The drone currently under trial can fly for up to ten miles and carry packages weighing up to 5lb. The aim is to offer a delivery service within 30 minutes of the customer ordering. It has long been a dream of Amazon founder Jeff Bezos to have a fleet of such drones swooping all over the world’s airwaves, bringing real-time levels of service to the remote shopping experience. It is as close as you can get to sending tangible goods by email attachment without resorting to Star Trek ‘beam me up’ fictions. Or 3D printing.
Meanwhile, the Civil Aviation Authority (CAA) has a close eye on drone development and has bent a few of their rules to allow the Amazon trials, as they might apply to you and me, rules such as the one allowing a single operative to be in charge of multiple vehicles and operating them out of sight. Which is a pity, because flying a team of drones around a blind corner sounds like fun and I’d quite like a go at it.
‘We want to enable the innovation that arises from the development of drone technology by safely integrating drones into the overall aviation system,’ said Tim Johnson, the CAA’s head of policy. ‘These tests by Amazon will help inform our policy and future approach.’ Whether the CAA genuinely ‘wants’ to enable drone innovation, or feels that it just won’t be able to stop it is a moot point, but it looks like the Amazon fleet is going to be the flying guinea pig here, and get the advantage on the technology. In the US, the green light has just been given to Google to test its own fleet, so the delivery drone wars are starting to heat up.

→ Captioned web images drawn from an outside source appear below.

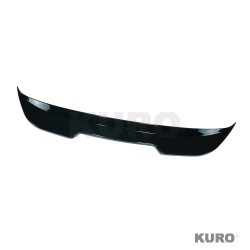BMW 3 SERIES G21 2018+ gloss black spoiler dachowy - V1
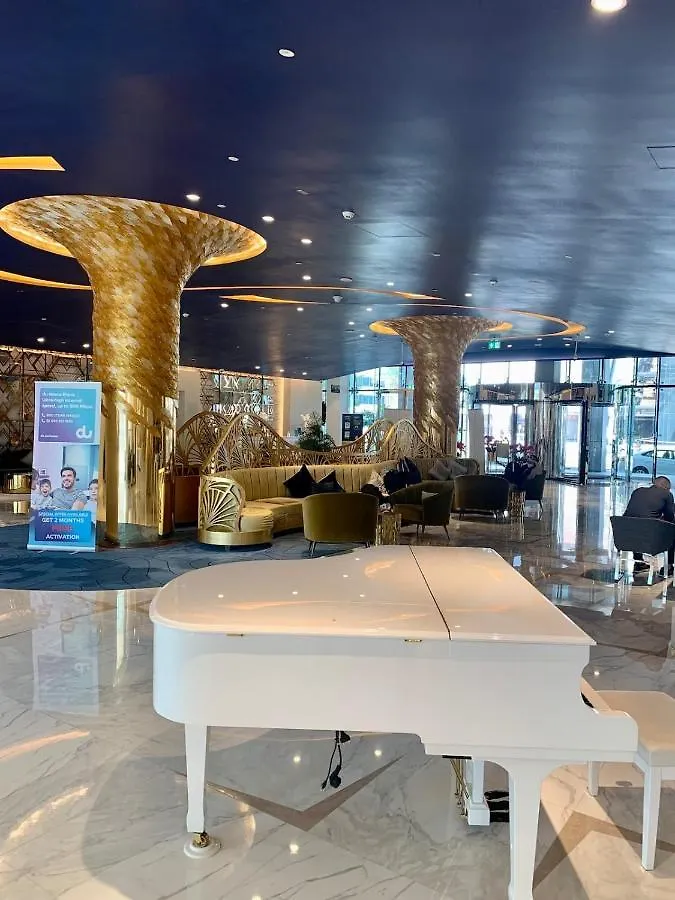 Hotel Luxury Aparthotel Prive Dubai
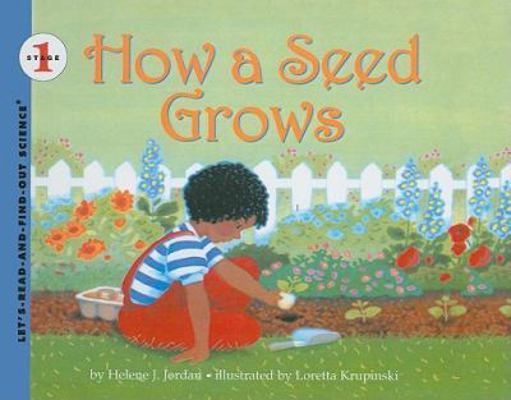 How a Seed Grows 0780712471 Book Cover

Time will tell whether delivery by drone will take off, though I have my suspicions that both Amazon and the CAA are not so much launching a drone as flying a kite here. But Amazon is serious enough about it to have filed patents to use existing structures such as church spires as docking and delivery stations in built-up environments. That should bring in a few extra quid for the local parish coffers.
If the Amazon trials are successful, it is unlikely they will be allowed to have a monopoly. It is a pretty safe bet that the drones themselves will become a part of a company’s marketing strategy. Will Fortnum & Mason hampers be delivered at a far more regal pace, perhaps carried by a couple of blimps? There is also much potential for chaos. In the near future, we may find ourselves walking down the pavement with our feet firmly on a civilised earth, but just above our heads the drone delivery wars will rage. It will be like the wild west, as next door’s weekly shop from Sainsbury’s flies past your head.
I think we should stop this madness before it starts. Speaking as a technophobe, I really don’t think there is anything that Amazon sells that is so important I would need it within 30 minutes. Let’s not over-complicate things. All these drones will do is put postmen and women out of work, in the same way Google’s driverless cars will put drivers out of work. And don’t think the middle classes are safe; the robots are already coming after bankers, doctors and lawyers’ jobs.
Soon there will be nobody left earning enough money to buy all this lovely stuff they are so kindly making for us and delivering which such novel and ruthless efficiency. There will just be the Jeff Bezos of this world, sitting in their lairs counting their money, and dreaming their big city dreams of an unmanned future. And causing gridlock in the skies.